Govt scraps special status for Jammu & Kashmir, splits state
05 August 2019
The government has revoked the special status of Kashmir, abrogating the provisions of Article 370 under the Constitution, in a bid to fully integrate the region with the rest of the country.
Announcing the decision after the cabinet meeting, home minister Amit Shah told Parliament that Jammu & Kashmir will cease to be a state.
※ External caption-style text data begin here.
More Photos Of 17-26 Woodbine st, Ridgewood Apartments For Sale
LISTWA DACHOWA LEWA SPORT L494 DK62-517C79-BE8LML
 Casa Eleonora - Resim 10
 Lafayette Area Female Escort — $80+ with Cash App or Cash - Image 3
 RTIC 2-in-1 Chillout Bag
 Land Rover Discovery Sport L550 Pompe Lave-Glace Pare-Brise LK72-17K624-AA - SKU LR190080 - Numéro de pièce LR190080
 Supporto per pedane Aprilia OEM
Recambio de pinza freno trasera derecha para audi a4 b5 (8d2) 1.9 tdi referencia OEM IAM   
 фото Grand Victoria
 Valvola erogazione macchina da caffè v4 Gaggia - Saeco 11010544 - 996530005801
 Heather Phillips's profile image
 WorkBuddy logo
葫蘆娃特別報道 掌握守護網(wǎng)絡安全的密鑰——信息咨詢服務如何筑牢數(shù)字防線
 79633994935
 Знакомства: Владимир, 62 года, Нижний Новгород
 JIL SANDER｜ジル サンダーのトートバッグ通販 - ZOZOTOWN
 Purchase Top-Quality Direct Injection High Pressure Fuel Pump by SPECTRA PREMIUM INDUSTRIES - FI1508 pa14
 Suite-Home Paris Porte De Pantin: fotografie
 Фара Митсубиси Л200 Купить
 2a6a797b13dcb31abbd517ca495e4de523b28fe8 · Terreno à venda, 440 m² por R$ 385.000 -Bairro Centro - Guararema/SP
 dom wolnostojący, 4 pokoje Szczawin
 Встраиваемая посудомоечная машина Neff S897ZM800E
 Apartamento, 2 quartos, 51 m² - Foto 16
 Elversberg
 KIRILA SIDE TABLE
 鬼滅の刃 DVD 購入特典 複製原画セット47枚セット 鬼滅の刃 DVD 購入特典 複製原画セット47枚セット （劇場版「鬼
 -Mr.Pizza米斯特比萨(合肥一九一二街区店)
While J&K will be a union territory with a legislature, Ladakh will be a union territory without legislature.
Shah termed the move as "historical", saying Article 370 has not allowed integration of J&K with the country.
“The entire constitution will be applicable to Jammu and Kashmir state,” Shah said.
"The president on the recommendation of Parliament is pleased to declare as from 5th of August 2019, all clauses of the said Article 370 shall cease to be operative... ," stated the resolution moved by the Home minister.
Shah also moved a bill proposing bifurcation of the state of Jammu and Kashmir into two Union Territories — Jammu and Kashmir division and Ladakh.
As soon as Shah made the announcement, members of the Congress, TMC and DMK squat on the floor of the House, one of the PDP members tore his clothes and then along with another PDP member tore copies of the Constitution, prompting Chairman M Venkaiah Naidu to order that they be physically removed.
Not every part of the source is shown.